### Recorded data
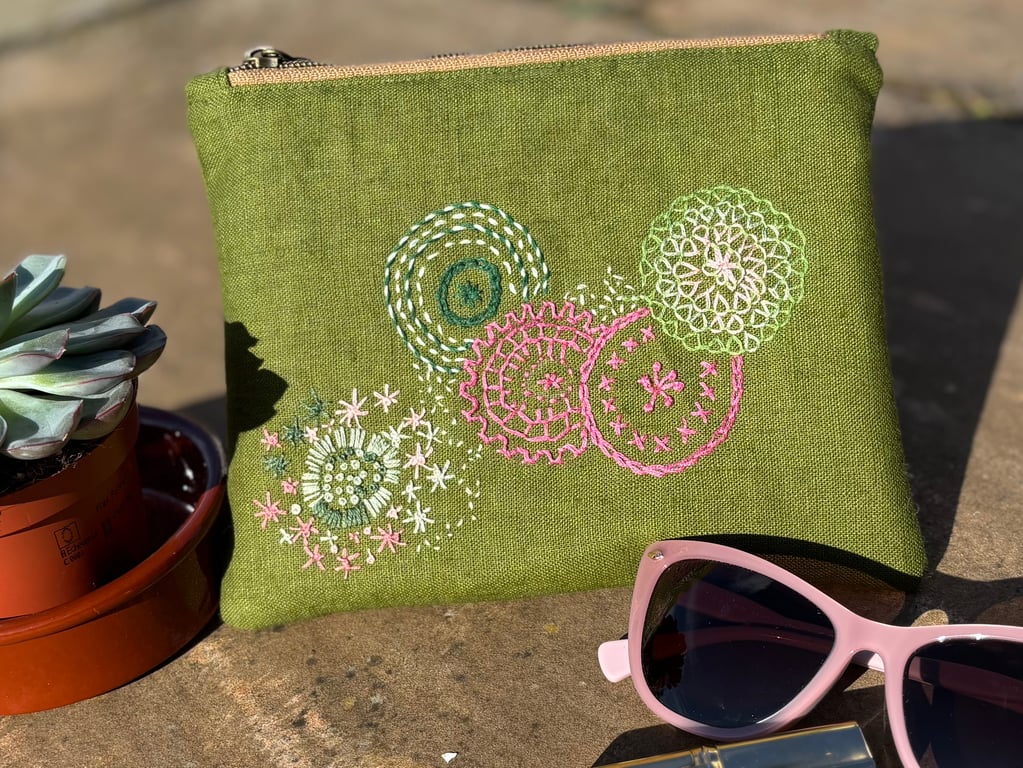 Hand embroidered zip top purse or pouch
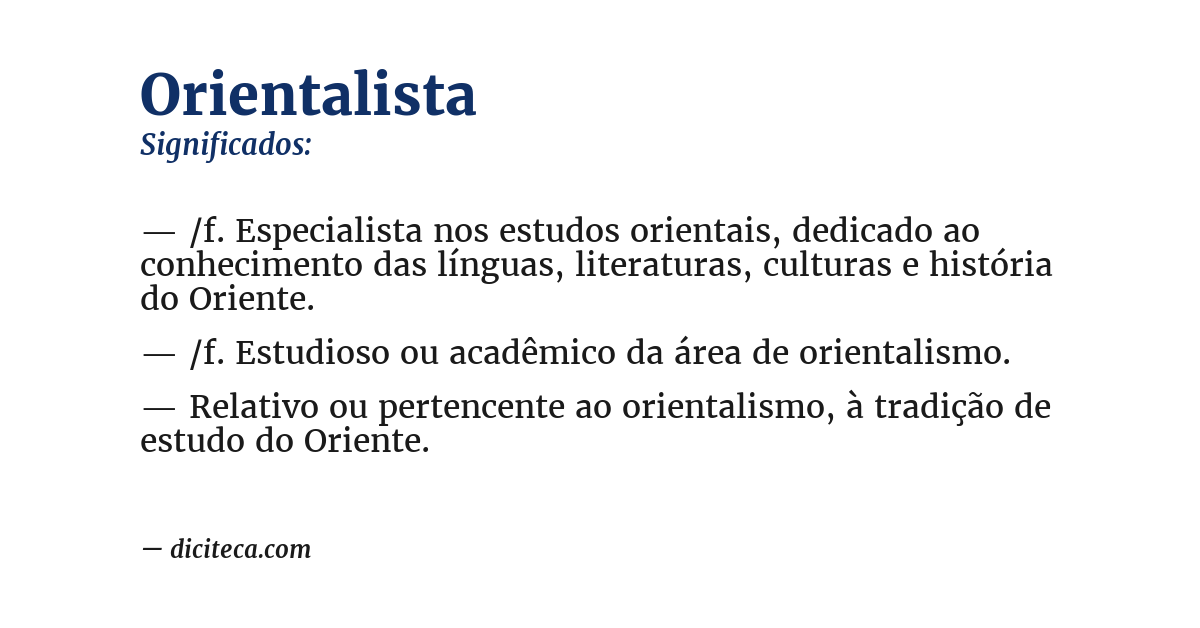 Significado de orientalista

...

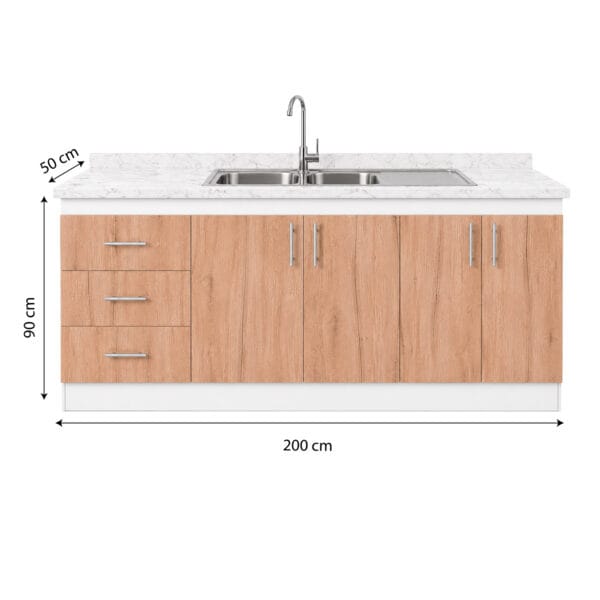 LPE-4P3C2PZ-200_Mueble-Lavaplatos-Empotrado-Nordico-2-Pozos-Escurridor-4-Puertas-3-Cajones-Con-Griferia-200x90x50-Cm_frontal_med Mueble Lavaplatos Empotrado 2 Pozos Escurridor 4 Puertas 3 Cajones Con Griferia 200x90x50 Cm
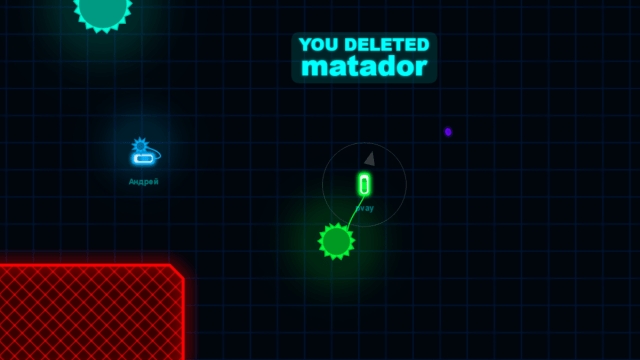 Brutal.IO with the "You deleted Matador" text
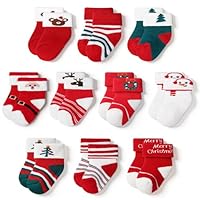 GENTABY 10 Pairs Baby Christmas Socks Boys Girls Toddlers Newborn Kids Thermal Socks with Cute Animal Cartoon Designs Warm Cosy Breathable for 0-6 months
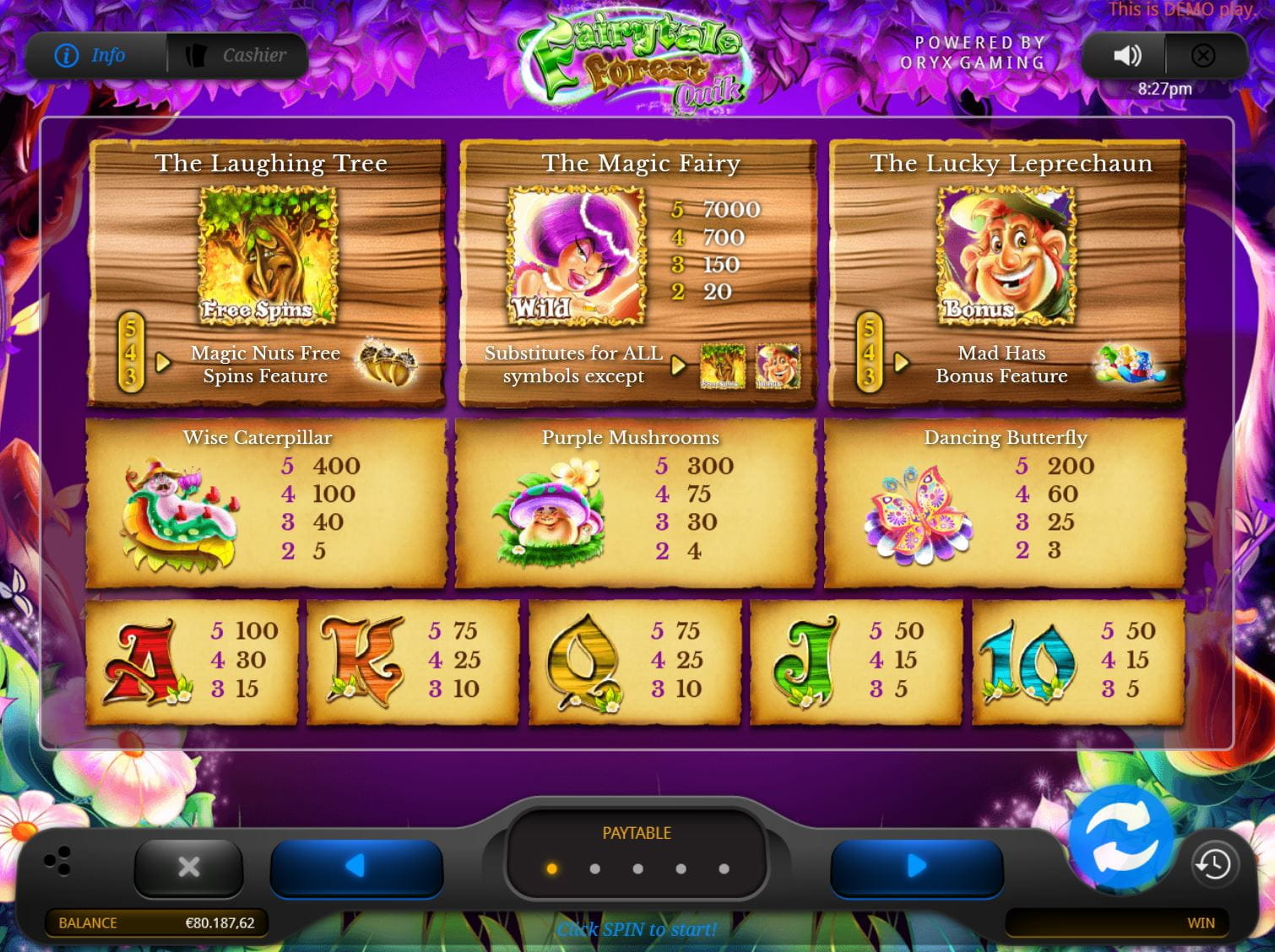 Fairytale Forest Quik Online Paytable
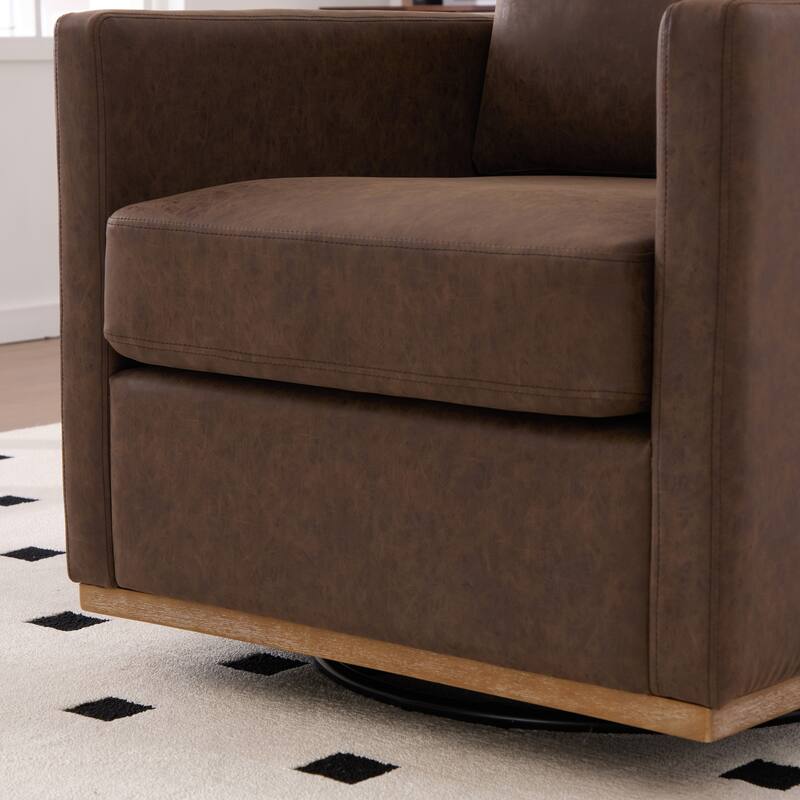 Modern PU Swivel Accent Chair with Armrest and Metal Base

### Brief
Would you print exactly the lines in the listing above, from the line bearing "Hand embroidered zip top purse or pouch" through the line bearing "Significado de orientalista", leaving out all pictures?

### Result of the exercise
 Hand embroidered zip top purse or pouch
 Significado de orientalista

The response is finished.